Time to act on transforming the country

Dear Editor,

I welcome the forward-looking attitude in Barry Braithwaite’s letter in SN, 3rd March ‘We will be liberated economically by our oil resources’. A 50:50 split in revenues from our oil bonanza and the ongoing rapid pace towards production can only mean economic liberation for our country. But this transformation will call for vision and passion among both our citizenry and the top local and national decision-makers. We should already be planning not only for servicing and overseeing the oil sector, but also for the wider economy and society.

This is not the time for the small-mindedness of Peeping Tom and his KN editors in their clamouring that our future revenues are enough only to buy each of us a loaf of bread. At least, we know for sure we can’t put the money in their hands.

This is a time for big goals. This is a time for developing growth industries in areas such as agribusiness; a time for making Guyana a cheaper place for living and doing business (small and big) by reducing the cost of energy and transportation; a time to open up the hinterland and to link up the country through Guyana-21 type road networks; a time to leave no Guyanese behind.

I therefore noted with encouragement the comments of Minister Joe Harmon a few days ago on some development ideas the government had in mind. Unsurprisingly, none of the major newspapers picked up his statement. Criticizing the oil contract, not discussing development plans, seems to be catchier.

That said, the government needs to step up its game on this front. It must not remain timid in articulating its grand plans, its vision. People only want to be reassured that the oil revenues will make a felt difference to their lives ‒ and make that difference soon. That message and energy are not coming out from the coalition.

I, for one, have suggested that the government need not wait for 2020, but should start planning and financing development projects now based on pre-production, resource-based borrowing to be repaid by future oil proceeds.
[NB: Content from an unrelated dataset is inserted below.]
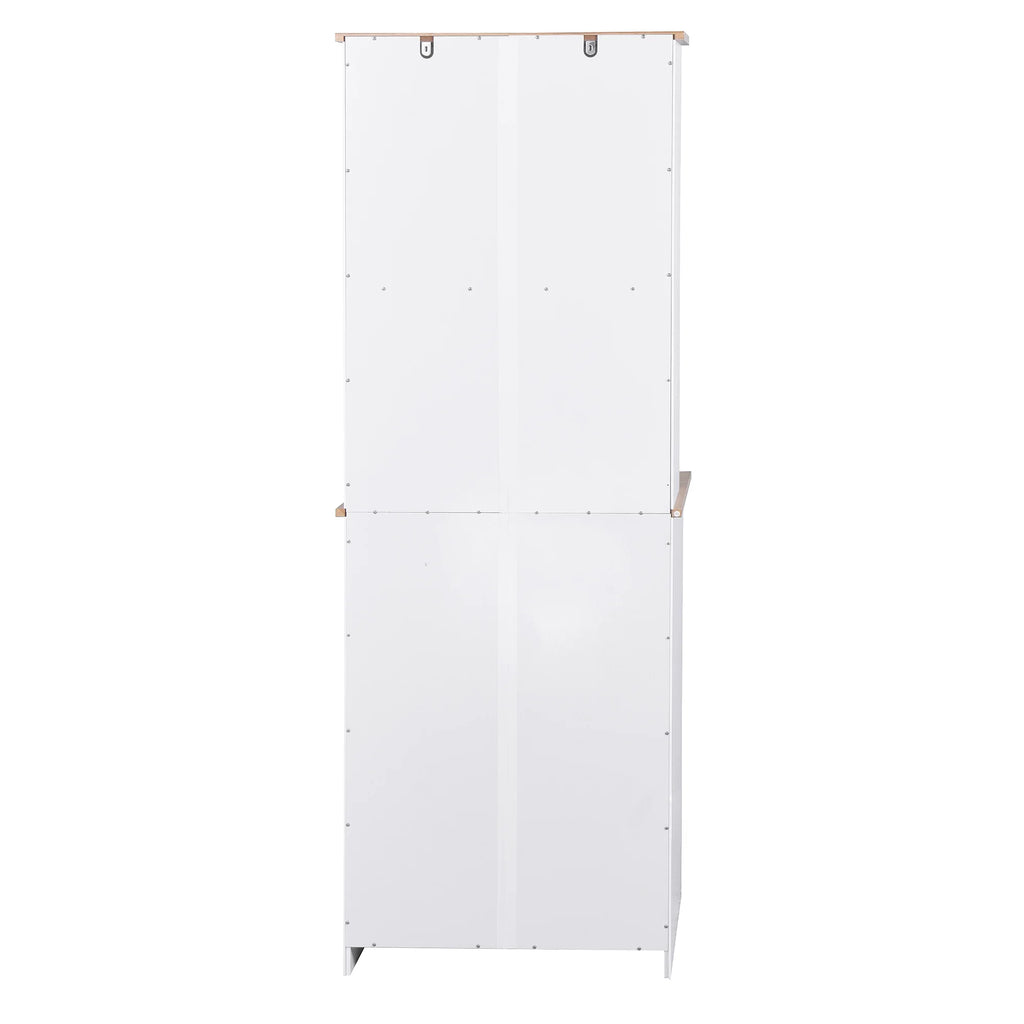 White Tall Wooden Kitchen Cabinet with 2 Drawers Y72880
If there exist, as the Minister of Finance keeps reminding us, bottlenecks in expending budgeted funds even now, it is a problem we cannot keep living with. We have to fix it. Otherwise, these bottlenecks will keep us on square one forever, even with billions of dollars pouring in from oil revenues.

Enough from the so-called ‘oil experts’. Time to discuss and act on transforming the country and improving the lives of the people.